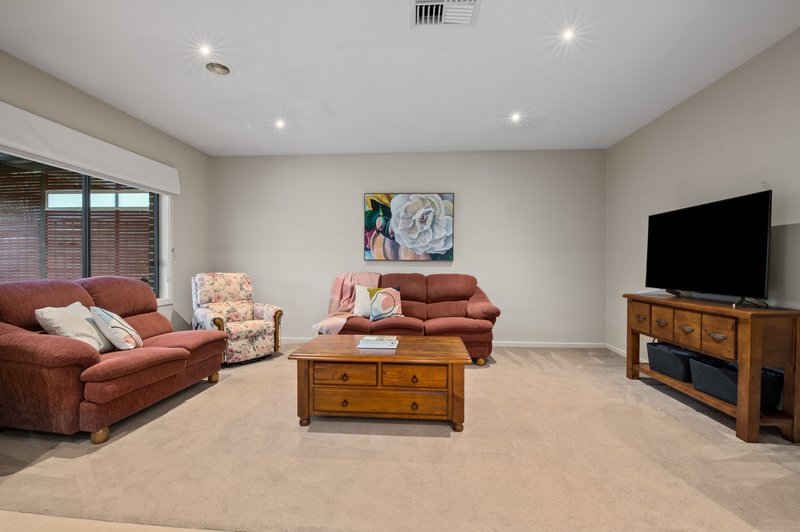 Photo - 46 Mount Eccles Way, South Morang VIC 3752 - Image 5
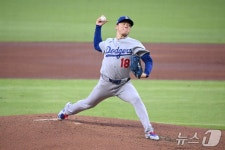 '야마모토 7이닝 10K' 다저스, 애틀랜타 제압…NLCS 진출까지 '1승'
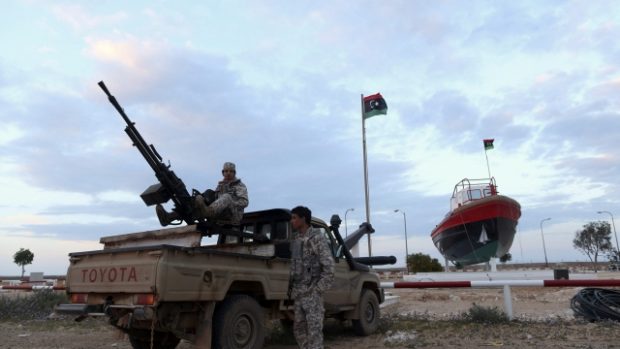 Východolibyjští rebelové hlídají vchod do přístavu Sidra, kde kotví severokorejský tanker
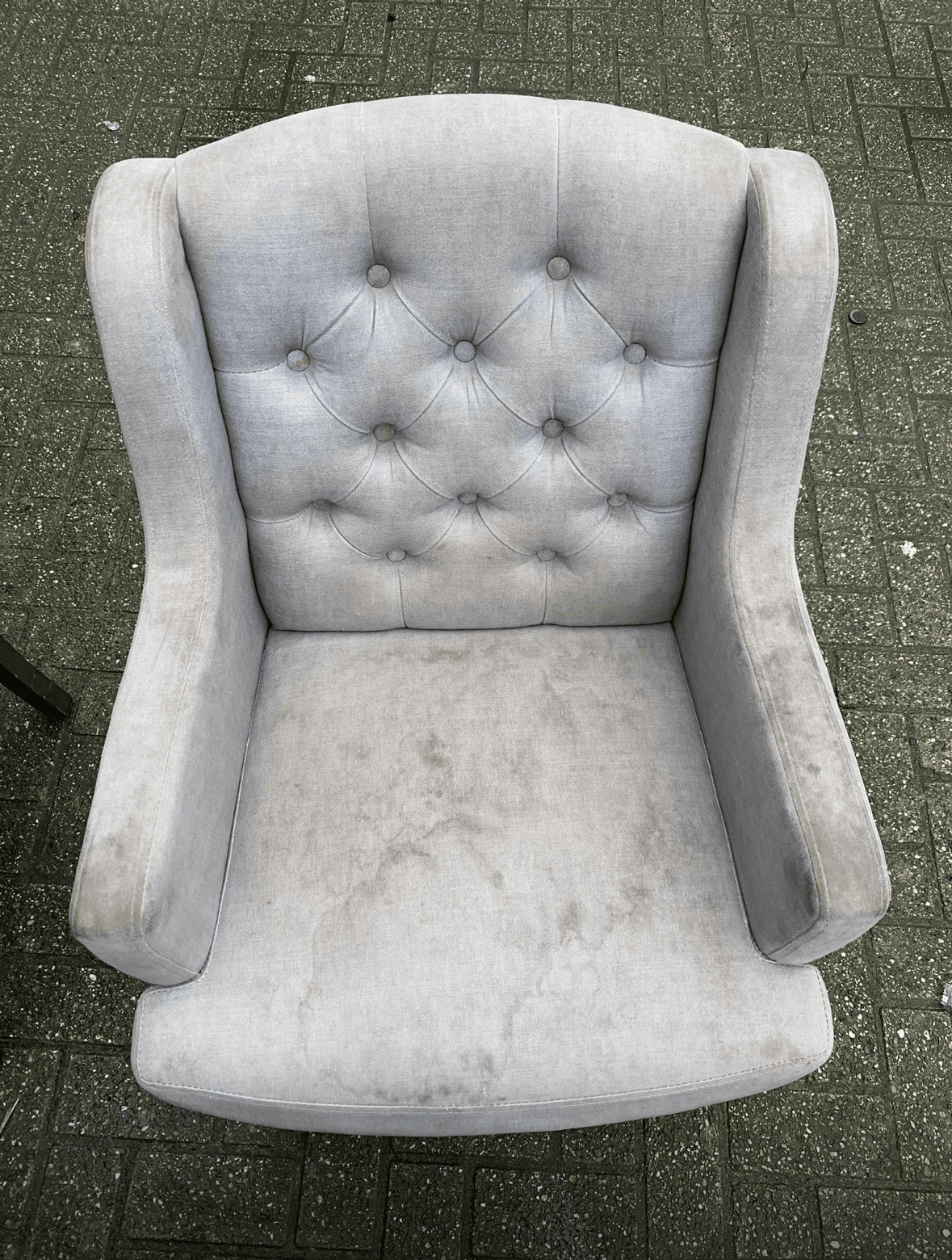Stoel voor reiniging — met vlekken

#### WORK REQUIRED
Retype all the material word for word while skipping any picture it contains.

#### RESPONSE BELOW
 Photo - 46 Mount Eccles Way, South Morang VIC 3752 - Image 5
 '야마모토 7이닝 10K' 다저스, 애틀랜타 제압…NLCS 진출까지 '1승'
 Východolibyjští rebelové hlídají vchod do přístavu Sidra, kde kotví severokorejský tanker
Stoel voor reiniging — met vlekken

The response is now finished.